■ Task objective
Leave out the pictures and retype, exactly, the lines below from the line with "It's telling me" up to and including the line with "In addition, when", nothing more.
[[ Records for the exercise open ]]
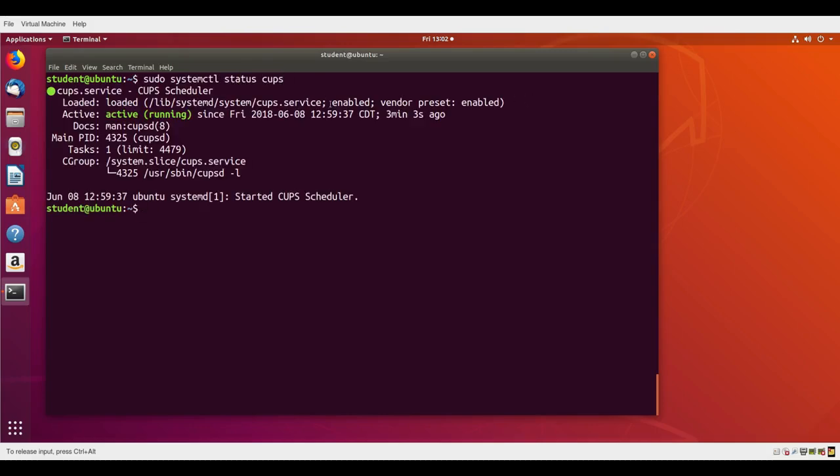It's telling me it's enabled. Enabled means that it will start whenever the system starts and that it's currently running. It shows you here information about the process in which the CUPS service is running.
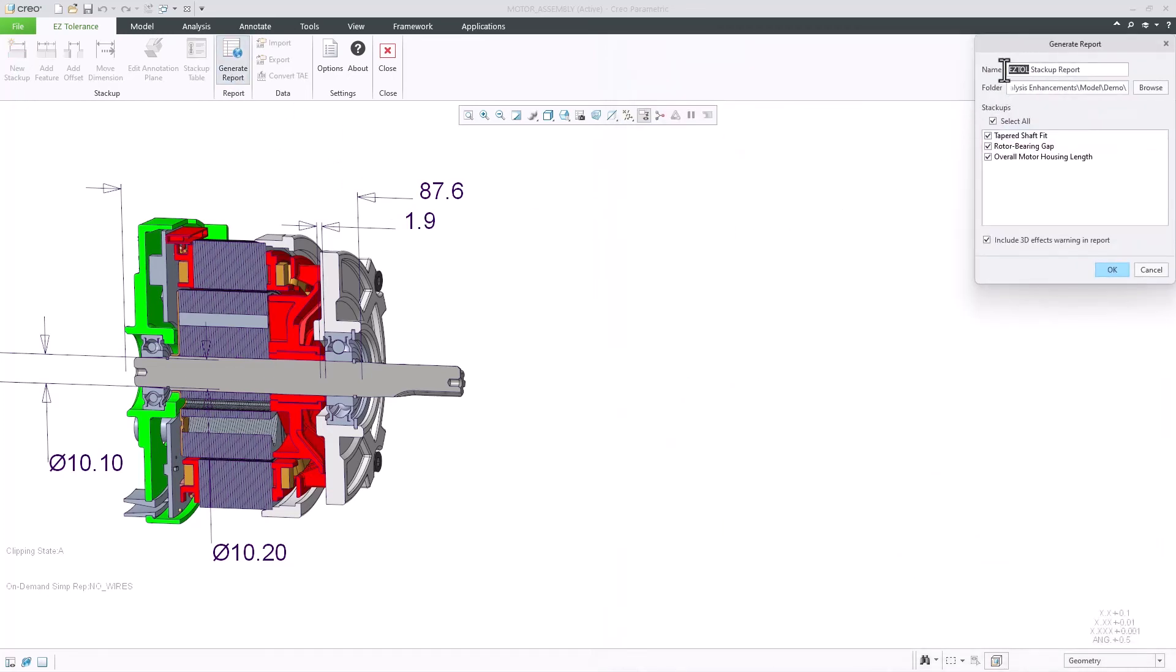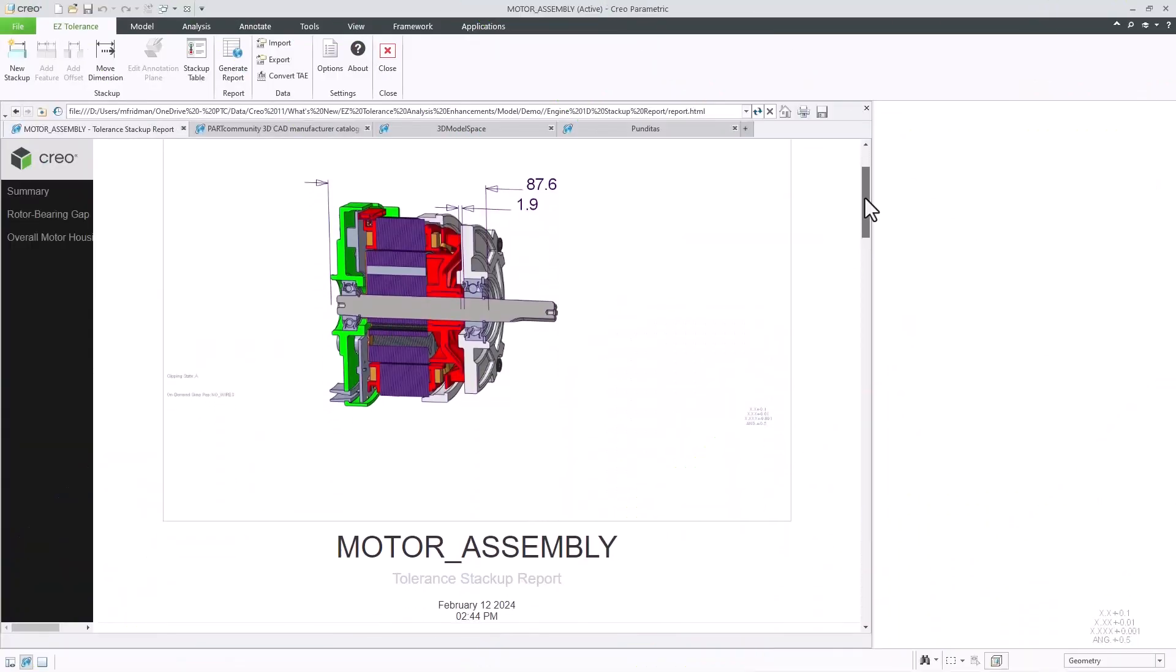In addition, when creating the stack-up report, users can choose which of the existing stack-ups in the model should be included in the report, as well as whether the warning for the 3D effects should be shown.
[[ Records for the exercise closed ]]
[[ Records for the exercise open ]]
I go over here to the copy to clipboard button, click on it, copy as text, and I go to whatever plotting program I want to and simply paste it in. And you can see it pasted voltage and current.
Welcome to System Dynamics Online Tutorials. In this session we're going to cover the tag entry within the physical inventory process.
[[ Records for the exercise closed ]]
■ Reply
It's telling me it's enabled. Enabled means that it will start whenever the system starts and that it's currently running. It shows you here information about the process in which the CUPS service is running.
In addition, when creating the stack-up report, users can choose which of the existing stack-ups in the model should be included in the report, as well as whether the warning for the 3D effects should be shown.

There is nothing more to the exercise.